The skein/ncvreg gap is also wider on SCAD than MCP (0.22× vs 0.25× at medium) — same ncvreg internals, but SCAD’s wider non-quadratic region needs more inner iterations to converge.

† ncvreg at large died inside the R subprocess on the MCP run for the same reason it would here: the current R transport in benches/runners/r_runner.R serializes X (8 GB at this size) as JSON, exceeding available memory on the bench host (Apple M1, 16 GB). We skip R at large for SCAD too. Switching the transport to Arrow/Feather is a tracked follow-up.

Headline — sparse regime (λ_min/λ_max = 5e-2)

size

skein 0.5.1

skglm 0.5

ncvreg 3.16.0

skein / skglm

small (n=1k, p=100)

3.0 ms

26.0 ms

13.0 ms

0.12×

medium (n=10k, p=1k)

0.90 s

7.63 s

1.86 s

0.12×

large (n=100k, p=10k)

435.5 s

(aborted ‡)

(skipped †)

Active set stays at 10 (the true support) along the entire path across all three packages at every size. The path stops near support recovery rather than reaching the saturated tail.

The skein/skglm ratio is striking — skglm’s per-α overhead in the manual SCAD path makes the sparse regime worse in absolute terms than the dense one for skglm (7.6 s sparse vs 9.5 s dense at medium is basically a wash), while skein roughly halves its time. The skein sparse advantage holds at medium (0.90 s vs 1.78 s, ~50 %).

† R skipped at large for the same OOM reason as the dense regime.

‡ skglm sparse@large was aborted after the dense run consumed ~9.4 h on the bench host. By extrapolation from the medium 0.12× ratio, the projection is ~3 700 s (~62 min) per trial, but it was killed mid-trial to free the host. The skein sparse@large number is from a completed trial pair.

Correctness — pairwise agreement on the path

Same generator, γ=3.7, 30 λs from λ_max down to λ_min = λ_max·1e-2, tol=1e-6. Per-λ agreement aggregated across the path:

pair

mean Jaccard

mean sign

mean rel-L2*

worst rel-L2*

exact-support λ’s

skein vs skglm

1.0000

1.0000

0.0000

0.0000

30 / 30

skein vs ncvreg

0.9822

0.9960

0.0088

0.0492

23 / 30

skglm vs ncvreg

0.9822

0.9960

0.0088

0.0492

23 / 30

* Same path-peak-relative threshold as the MCP doc: relative-L2 columns aggregate only over indices where the coefficient norm exceeds 1 % of the path peak (filters out the near-λ_max artifact).

Read-out:

  • skein and skglm are bit-identical at every λ. Same active set, same signs, identical coefficient values. They use the same SCAD LLA decomposition and similar warm-start logic, so they land at the same local minimum every time.

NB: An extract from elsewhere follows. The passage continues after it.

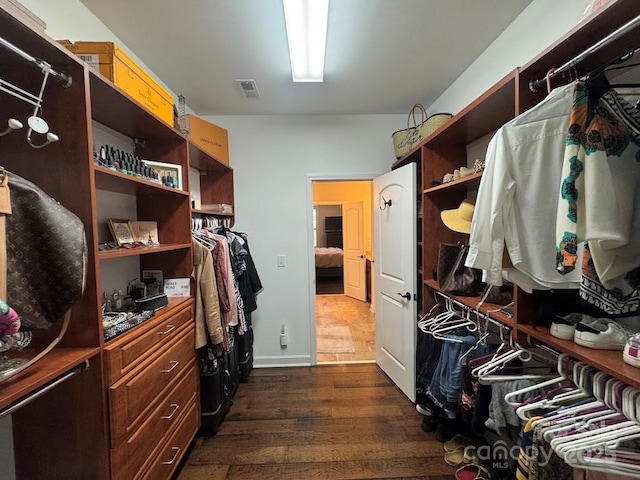 walk in closet with dark wood-style floors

  • ncvreg agrees on support at 23 / 30 λsexactly the same pattern as on MCP, including the same metric-artifact spike at idx 0 (raw rel-L2 → 0.90 where both solutions are near zero; filtered out of the headline numbers via the path-peak-relative threshold). Filtered rel-L2 is 0.0088 mean / 0.049 worst. The real local-min divergence is again at the saturated tail (idx 23–29): 1–3 features differ at the edge of the ~89-element support, sign agreement 97–99 %, rel-L2 ~1e-3 — tiny in absolute terms.

    per-λ agreement, SCAD/LS

    The mid-path region (idx 3–22) hits a rel-L2 floor of 1e-7 to 1e-8: bit-identical on the well-conditioned interior. This is treated as benchmark output, not a correctness gate on skein.

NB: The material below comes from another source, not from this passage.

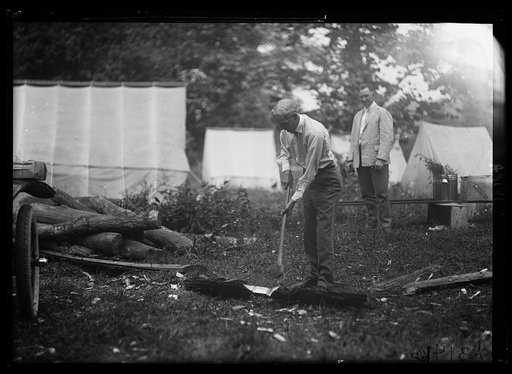 Henry Ford chopping wood at Firestone camp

Raw per-λ arrays at benches/correctness/results/scad_ls.json. Plot at benches/correctness/results/scad_ls_agreement.png.

Methodology

Identical to the MCP/LS benchmark — same host (Apple M1, 16 GB), same timing methodology (1 warm-up + N timed trials, median headline; N=3 at medium, N=2 at large, N=5 at small), same λ-grid recipe (λ_max = max|Xᵀy| / n, geometric, 100 λ at medium/large, 30 at small), same intercept handling (compared on slopes only). The only knob that differs is γ — 3.7 here vs 3.0 for MCP, matching each package’s conventional default.

Reproduction:

# Performance
python benches/run.py --scenarios scad_ls scad_ls_sparse \
    --packages skein skglm r --sizes small,medium

# Correctness
python benches/correctness/scad_ls.py --size small --n-lambdas 30

Raw JSON: benches/results/scad_ls.json, benches/results/scad_ls_sparse.json, benches/correctness/results/scad_ls.json.

What this tells us

  1. skein is the fastest SCAD path solver on every size and regime. The gap to skglm widens dramatically with scale — ~5× at medium, ~21× at large dense — because skglm has no native SCAD .path() and the manual α-loop pays per-α setup overhead that skglm’s MCP estimator amortizes internally. The single skglm large/dense fit took 3.1 hours (vs 9 minutes for skein); the large/sparse skglm run was aborted on the bench host before its first trial completed.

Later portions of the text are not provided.